There are several misconceptions about the legal requirements of non-profits that not only pervade the general public, but also creep their way into the media and in non-profit governance and management. Below are a few such myths followed by a debunking overview.
Myth #1: Non-Profits Cannot Run a Yearly Surplus
Although 501(c)(3) corporations cannot distribute surplus funds to board members or employees, and do not have share-holders, owners, or partners as do various types of business entities, they can run a yearly surplus and will be healthier if they do so. So, for example, suppose that non-profit X has expenses in one year of $1,000,000 and brings in revenue in that same year of $1,500,000. With the surplus of $500,000 non-profit X cannot distribute such money, as a surplus, to board members, employees or any other persons (note that employees and board members can be paid reasonable compensation by the non-profit in that year). With the $500,000 non-profit X can: 1) Carry the funds over to use as revenue for a future year’s budget on any allowable expense; 2) Hold the funds in savings as “reserves;” 3) Use it as seed funding for a board restricted endowment; 4) Set it aside for a future major expense; or 5) Invest the funds with the goal of procuring additional currently expendable revenue.
Myth #2: Non-Profits Cannot Pay Employees Competitively
Although some non-profit corporations facilitate their mission entirely by relying upon volunteers, there is no regulatory bar to paying employees in order to attract and retain talented personnel for the sake of executing the mission. In fact, most nonprofits will not be able to sustain themselves without paid staff. However, the IRS requires that employees be paid reasonably according to “the amount that would ordinarily be paid for like services by like enterprises, whether taxable or tax-exempt, under like circumstances.” Non-profit executive compensation is especially subject to regulatory and public relations scrutiny, and thus boards of directors should follow and document governance best practices in setting executive compensation. See our post Setting Nonprofit Executive Compensation for a detailed outline of such best practices.
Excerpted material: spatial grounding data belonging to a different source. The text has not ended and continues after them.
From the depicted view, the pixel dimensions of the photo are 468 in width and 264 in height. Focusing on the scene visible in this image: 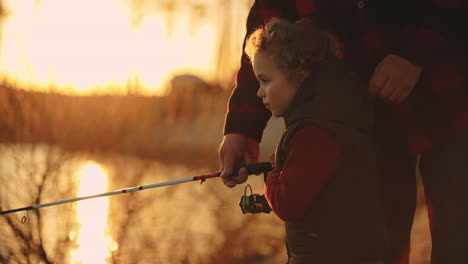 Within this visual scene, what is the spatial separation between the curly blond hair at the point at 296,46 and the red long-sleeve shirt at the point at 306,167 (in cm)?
15

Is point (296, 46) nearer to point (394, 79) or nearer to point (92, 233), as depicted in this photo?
point (394, 79)

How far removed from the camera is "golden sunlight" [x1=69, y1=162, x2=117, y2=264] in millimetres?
2367

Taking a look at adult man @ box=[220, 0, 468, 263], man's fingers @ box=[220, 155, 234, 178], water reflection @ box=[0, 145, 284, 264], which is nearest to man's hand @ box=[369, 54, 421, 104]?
adult man @ box=[220, 0, 468, 263]

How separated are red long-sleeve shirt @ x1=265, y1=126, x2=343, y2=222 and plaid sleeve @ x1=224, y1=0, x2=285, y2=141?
14.8 inches

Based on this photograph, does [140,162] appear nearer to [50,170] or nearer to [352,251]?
[50,170]

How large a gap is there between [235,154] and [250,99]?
0.17 meters

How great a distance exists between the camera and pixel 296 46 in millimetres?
1271

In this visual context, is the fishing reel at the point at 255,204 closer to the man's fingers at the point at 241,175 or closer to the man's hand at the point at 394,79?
the man's fingers at the point at 241,175

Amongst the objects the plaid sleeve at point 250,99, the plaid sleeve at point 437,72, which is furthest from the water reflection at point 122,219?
the plaid sleeve at point 437,72

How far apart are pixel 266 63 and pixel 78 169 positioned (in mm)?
1260

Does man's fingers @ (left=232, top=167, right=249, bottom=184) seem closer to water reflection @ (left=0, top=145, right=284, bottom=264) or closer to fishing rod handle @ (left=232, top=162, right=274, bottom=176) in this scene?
fishing rod handle @ (left=232, top=162, right=274, bottom=176)

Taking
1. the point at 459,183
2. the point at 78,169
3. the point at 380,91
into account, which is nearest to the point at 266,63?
the point at 380,91

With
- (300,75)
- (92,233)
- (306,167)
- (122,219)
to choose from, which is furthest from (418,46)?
(92,233)

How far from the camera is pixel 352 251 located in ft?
4.09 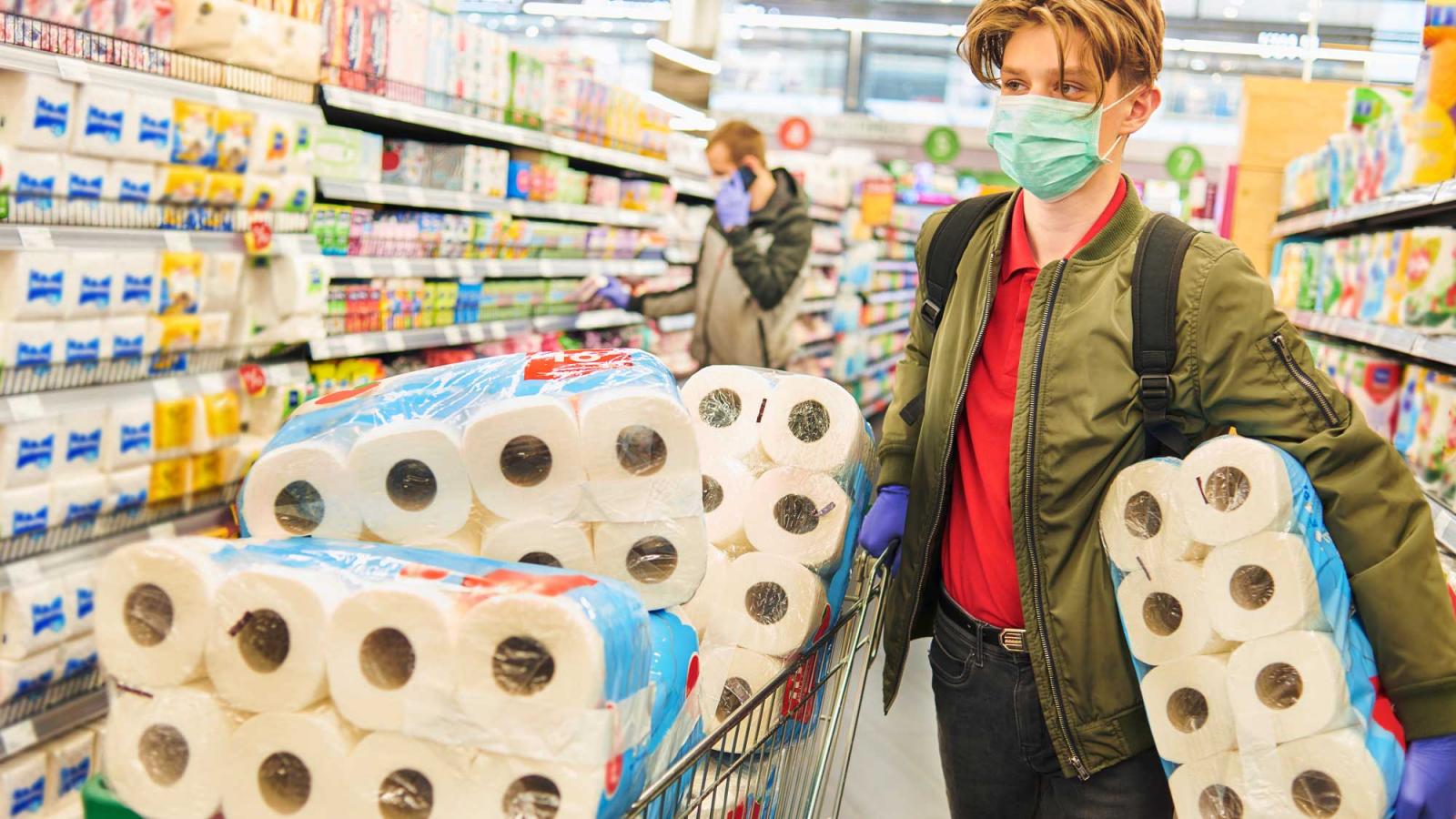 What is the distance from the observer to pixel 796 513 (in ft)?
6.59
Myth #3: Non-Profits Cannot Pay Board Members
Perhaps more pervasive than the myth that employees cannot be paid, is the idea that non-profit board members cannot be paid for their services as board members. First, non-profits can—and many do—enact board reimbursement policies for reasonable expenses incurred in the performance of board duties, such as travel to organization events, purchasing supplies for board business out of pocket, etc. Second, although most non-profit board members serve as volunteers, board members can be paid as board members for their services. However, there are several considerations that non-profits should consider before compensating directors/trustees as directors/trustees. First, some states, such as California, restrict board member compensation. Second, board compensation is a conflict of interest that must be managed. For example, if a board member is paid for services, there should be a strong conflict of interest policy in place that requires the board member to be recused from the discussion and vote on the compensation arrangement. If all board members are being paid, recusal may not be possible. In such cases, the Board can rely on a reasoned opinion from an independent qualified compensation consultant. Finally, depending upon the law of the state of non-profit incorporation, a paid board member may have greater exposure to liability than a volunteer board member.
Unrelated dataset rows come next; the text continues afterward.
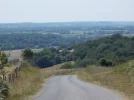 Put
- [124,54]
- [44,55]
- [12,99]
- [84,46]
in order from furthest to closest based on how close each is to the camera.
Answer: [84,46]
[44,55]
[124,54]
[12,99]

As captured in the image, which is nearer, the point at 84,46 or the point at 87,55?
the point at 87,55

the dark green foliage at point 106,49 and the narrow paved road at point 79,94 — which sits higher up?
the narrow paved road at point 79,94

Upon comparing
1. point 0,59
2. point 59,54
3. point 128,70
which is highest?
point 0,59

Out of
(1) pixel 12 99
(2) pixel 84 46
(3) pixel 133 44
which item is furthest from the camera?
(2) pixel 84 46

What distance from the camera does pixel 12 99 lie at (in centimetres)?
2008

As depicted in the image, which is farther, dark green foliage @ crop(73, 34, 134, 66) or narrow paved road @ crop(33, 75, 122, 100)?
dark green foliage @ crop(73, 34, 134, 66)

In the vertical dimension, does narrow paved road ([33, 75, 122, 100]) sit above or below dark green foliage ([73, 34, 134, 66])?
above

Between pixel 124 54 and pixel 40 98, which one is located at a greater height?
pixel 40 98

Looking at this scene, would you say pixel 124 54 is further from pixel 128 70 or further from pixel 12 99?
pixel 12 99

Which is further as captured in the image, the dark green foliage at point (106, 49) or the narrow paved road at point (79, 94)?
the dark green foliage at point (106, 49)

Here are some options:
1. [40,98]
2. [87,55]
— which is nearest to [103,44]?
[87,55]

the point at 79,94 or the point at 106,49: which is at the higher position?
the point at 79,94

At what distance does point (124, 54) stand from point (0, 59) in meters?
98.5

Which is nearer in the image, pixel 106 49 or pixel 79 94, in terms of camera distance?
pixel 79 94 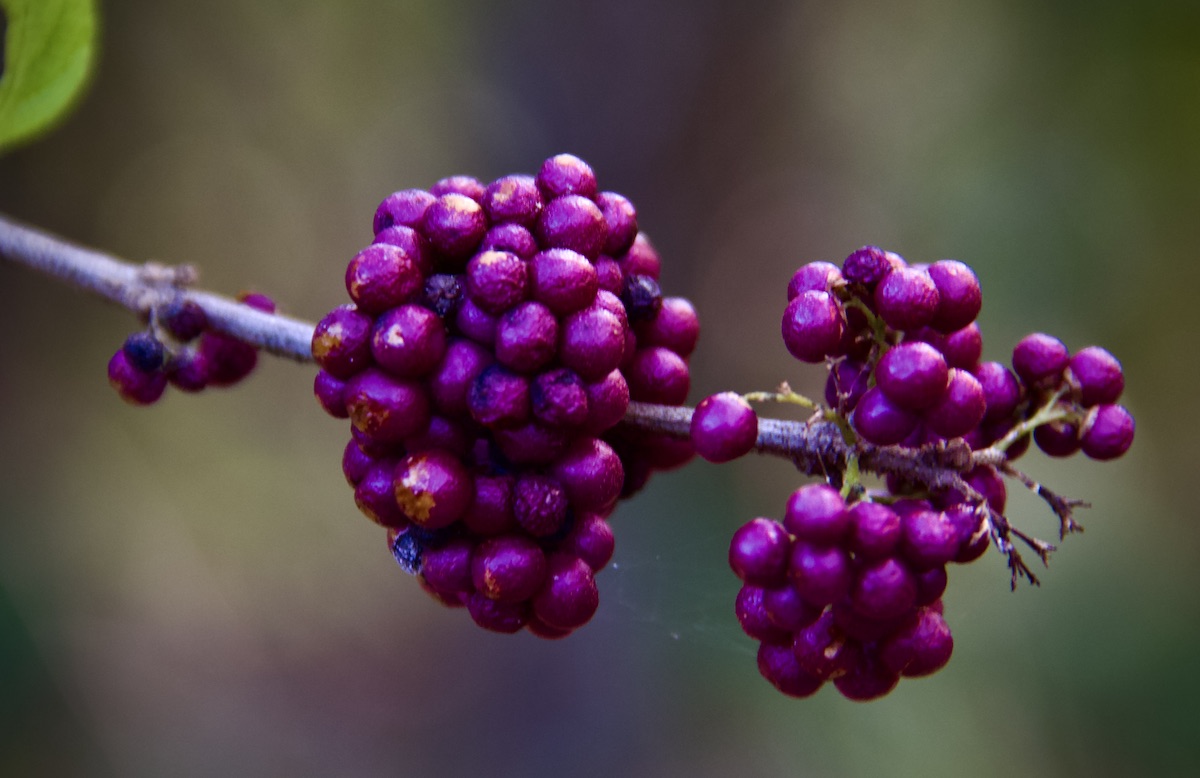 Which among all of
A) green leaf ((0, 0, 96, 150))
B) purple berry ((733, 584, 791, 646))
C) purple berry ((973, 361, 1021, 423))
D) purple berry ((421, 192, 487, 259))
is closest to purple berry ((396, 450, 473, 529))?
purple berry ((421, 192, 487, 259))

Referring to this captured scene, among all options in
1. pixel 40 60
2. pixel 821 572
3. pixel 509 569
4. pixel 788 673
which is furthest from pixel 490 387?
pixel 40 60

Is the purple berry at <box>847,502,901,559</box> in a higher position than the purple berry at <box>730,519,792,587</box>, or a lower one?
higher

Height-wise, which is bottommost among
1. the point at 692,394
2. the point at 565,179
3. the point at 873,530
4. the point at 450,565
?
the point at 692,394

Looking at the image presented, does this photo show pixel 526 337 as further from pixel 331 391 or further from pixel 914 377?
pixel 914 377

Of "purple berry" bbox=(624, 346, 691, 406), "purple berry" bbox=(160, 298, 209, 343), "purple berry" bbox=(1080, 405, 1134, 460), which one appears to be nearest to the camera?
"purple berry" bbox=(1080, 405, 1134, 460)

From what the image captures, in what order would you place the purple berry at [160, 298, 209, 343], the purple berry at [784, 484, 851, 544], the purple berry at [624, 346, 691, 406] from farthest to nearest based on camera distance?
the purple berry at [160, 298, 209, 343], the purple berry at [624, 346, 691, 406], the purple berry at [784, 484, 851, 544]

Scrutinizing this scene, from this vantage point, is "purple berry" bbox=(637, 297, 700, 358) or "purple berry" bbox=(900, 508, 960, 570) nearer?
"purple berry" bbox=(900, 508, 960, 570)

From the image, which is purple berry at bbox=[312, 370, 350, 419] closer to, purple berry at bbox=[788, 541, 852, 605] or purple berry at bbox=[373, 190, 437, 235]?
purple berry at bbox=[373, 190, 437, 235]

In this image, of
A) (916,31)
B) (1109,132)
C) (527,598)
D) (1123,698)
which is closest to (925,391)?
(527,598) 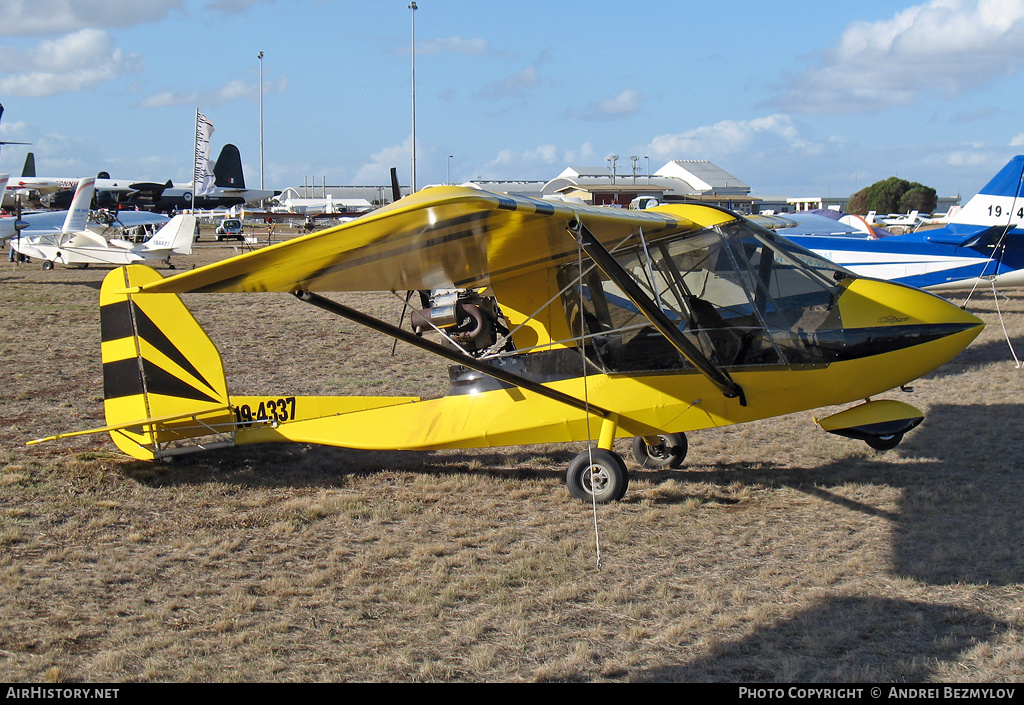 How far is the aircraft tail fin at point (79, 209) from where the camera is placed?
28844 mm

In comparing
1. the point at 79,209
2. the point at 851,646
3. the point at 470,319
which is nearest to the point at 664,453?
the point at 470,319

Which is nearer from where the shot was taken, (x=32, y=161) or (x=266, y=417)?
(x=266, y=417)

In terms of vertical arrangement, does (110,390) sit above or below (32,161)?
below

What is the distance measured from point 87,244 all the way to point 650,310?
2822 cm

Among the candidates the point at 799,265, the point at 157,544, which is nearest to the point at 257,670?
the point at 157,544

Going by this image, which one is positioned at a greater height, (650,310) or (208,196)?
(208,196)

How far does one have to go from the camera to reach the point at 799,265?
6.29 meters

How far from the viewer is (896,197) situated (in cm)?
9125

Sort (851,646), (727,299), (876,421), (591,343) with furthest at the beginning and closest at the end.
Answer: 1. (591,343)
2. (727,299)
3. (876,421)
4. (851,646)

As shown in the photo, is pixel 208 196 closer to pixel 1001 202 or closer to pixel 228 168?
pixel 228 168

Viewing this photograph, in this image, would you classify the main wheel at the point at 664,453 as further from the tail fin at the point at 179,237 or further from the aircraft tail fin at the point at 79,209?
the aircraft tail fin at the point at 79,209

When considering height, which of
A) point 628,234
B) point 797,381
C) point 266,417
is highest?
point 628,234

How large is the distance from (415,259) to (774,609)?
3.12 metres

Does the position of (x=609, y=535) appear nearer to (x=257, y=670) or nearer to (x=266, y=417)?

Myth #4: CEO/Executive Directors Cannot Sit on a Non-Profit Board
Employees of a non-profit may sit on the board of directors/trustees, but the IRS recommends that a board “not be dominated” by employees as by their nature they are not independent since they have an employment relationship with the organization. Any official board member has a right to vote on board proceedings and thus, if a CEO or Executive Director does sit on the board of directors/trustees, it is important that the board have a strong conflict of interest policy in place such that the CEO/ED does not participate in decisions regarding his/her/their compensation or other decisions that may directly benefit him/her/they.
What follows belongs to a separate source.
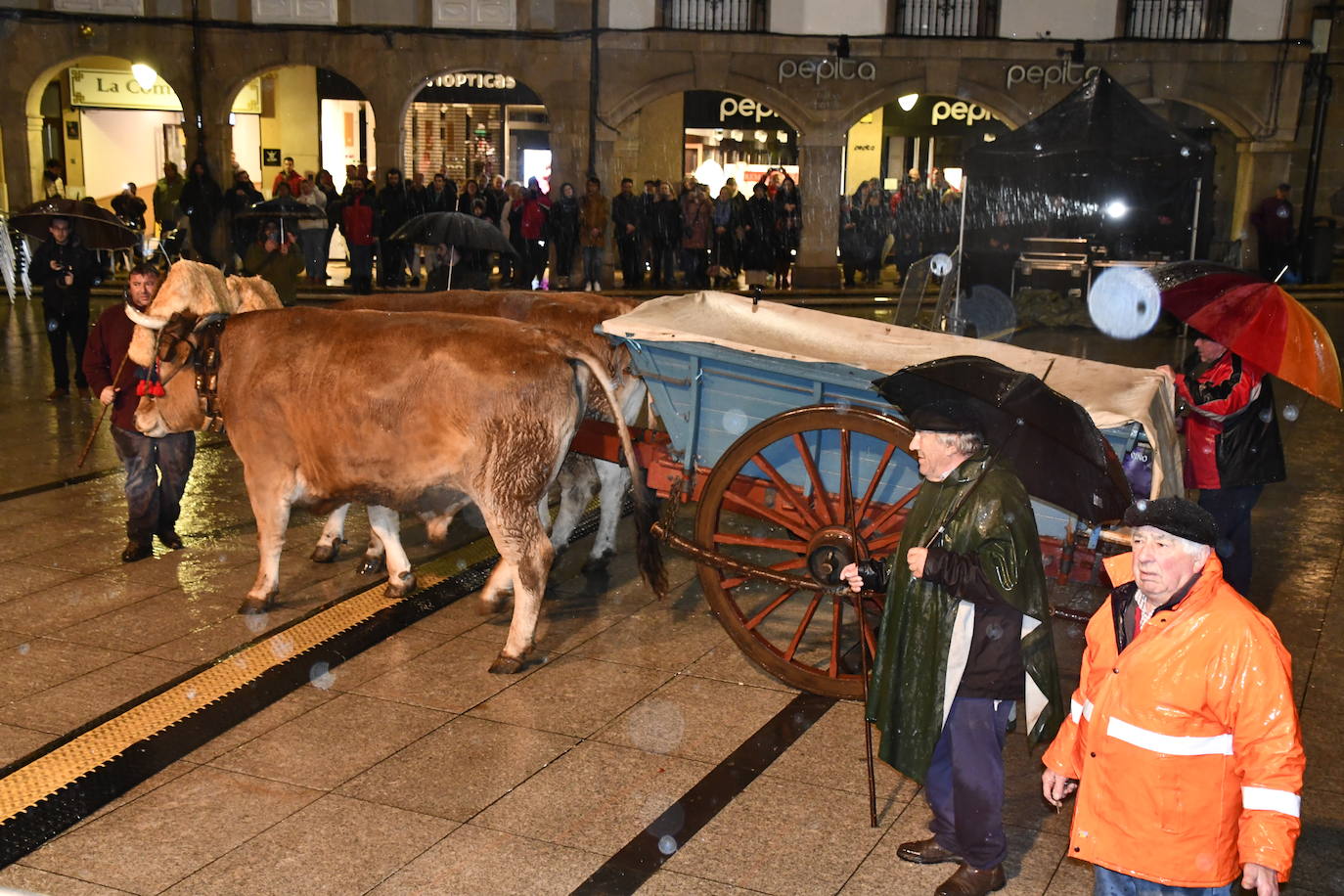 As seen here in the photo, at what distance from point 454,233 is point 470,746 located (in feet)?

Myth #5: Non-Profits Can’t Engage in Revenue Producing Business Transactions Such as Selling Goods or Services
In general, non-profits are free to sell goods or services for income to support their mission. However, if the business is regularly carried on and unrelated to the non-profit’s mission, it will generally be subject to unrelated business income tax (UBIT). In short, income from the sale of goods or services that are closely related to the non-profit’s mission is not taxable, while business transactions unrelated to the mission are taxable. (See our post Can Nonprofits Earn Business Revenue?)